I was curious about this cookbook since I don’t have a lot of experience with cooking Spanish food. My first flip-through revealed a pickled tuna fish recipe I’m eager to try, a reminder that I’ve always wanted to learn how to make churros, and a meringue milk ice cream recipe that sounds quirky and fun, especially in the 80 degree weather I’ve been living with lately. I also enjoyed the cultural references, such as the lighthearted theories on the origin of the word ‘tapas’ as well as the custom of enjoying those versatile treats.
I also noticed that Spanish cooking seems to favor potatoes. Since this book is aimed at beginners, that seemed reasonable enough. Potatoes are readily available nearly everywhere, and even beginning cooks have most likely learned a few ways to cook them.

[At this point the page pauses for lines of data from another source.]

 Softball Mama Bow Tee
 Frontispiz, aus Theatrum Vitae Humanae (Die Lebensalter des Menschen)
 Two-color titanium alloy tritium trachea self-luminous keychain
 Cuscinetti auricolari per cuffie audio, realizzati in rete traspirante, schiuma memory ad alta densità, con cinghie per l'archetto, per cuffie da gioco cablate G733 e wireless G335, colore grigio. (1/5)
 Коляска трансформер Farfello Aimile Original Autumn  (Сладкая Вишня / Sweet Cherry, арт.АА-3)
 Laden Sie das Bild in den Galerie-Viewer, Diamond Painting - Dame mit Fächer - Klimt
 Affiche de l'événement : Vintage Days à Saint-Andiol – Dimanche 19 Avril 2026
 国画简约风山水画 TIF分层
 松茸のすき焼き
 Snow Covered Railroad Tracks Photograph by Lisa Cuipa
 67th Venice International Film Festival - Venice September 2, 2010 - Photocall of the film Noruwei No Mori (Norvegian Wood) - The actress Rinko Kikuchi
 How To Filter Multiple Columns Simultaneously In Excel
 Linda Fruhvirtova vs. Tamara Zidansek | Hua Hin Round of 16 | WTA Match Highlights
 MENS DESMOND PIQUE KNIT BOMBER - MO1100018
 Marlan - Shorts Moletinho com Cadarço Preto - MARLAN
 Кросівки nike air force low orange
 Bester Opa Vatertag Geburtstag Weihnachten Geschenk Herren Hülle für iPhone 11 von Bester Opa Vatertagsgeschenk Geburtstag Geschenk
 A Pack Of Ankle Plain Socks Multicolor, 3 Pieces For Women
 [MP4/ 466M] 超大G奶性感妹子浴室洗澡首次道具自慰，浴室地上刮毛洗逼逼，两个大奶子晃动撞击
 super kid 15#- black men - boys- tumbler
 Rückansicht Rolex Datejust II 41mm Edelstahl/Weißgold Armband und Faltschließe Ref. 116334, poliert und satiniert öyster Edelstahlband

On my second read-through, I tried to view the book through a beginner’s eyes. And this time the view was a little less rosy. I felt the techniques used and complexity level of the recipes were more at an intermediate level. Beginners might be discouraged at having to track down unfamiliar foods and spices. For example, saffron. It’s an expensive spice, and I don’t think many beginners are going to have it in their kitchens. Multiple recipes call for it. I’ve successfully substituted turmeric for saffron many times, but would a beginner know that? If there’s any possibility of substitutions for the more exotic ingredients, this might keep beginners from giving up too soon. Rookie cooks will also be expected to know how to cope with a note that says, “The general rule is 1 part pasta to 2 parts liquid, but this varies with the type of pasta.” They will also be expected to know how to deglaze pan juices, what a bouquet garni is, and the difference between sauté and stir-fry. It’s these sort of details that I feel makes this an intermediate guide to Spanish cooking.
Finally – a few more recipes in each category would be nice (only 8 meat and fish recipes? Only 7 vegetables and salads?) instead of having 10 pages given over to blank lines titled, ‘add your own Spanish recipes’. I’d rather see some of those empty filler pages replaced by recipes, or even better, tutorials on the cooking techniques commonly used in the recipes.
It’s a cookbook with passion and promise, but I believe it would benefit from a tighter focus and empathy for it’s target audience.
My thanks to author Gabriela Llamas, Quarto Publishing Group – Quarry, and NetGalley for allowing me to read a digital advance review copy of this book. This review is my honest and unbiased opinion.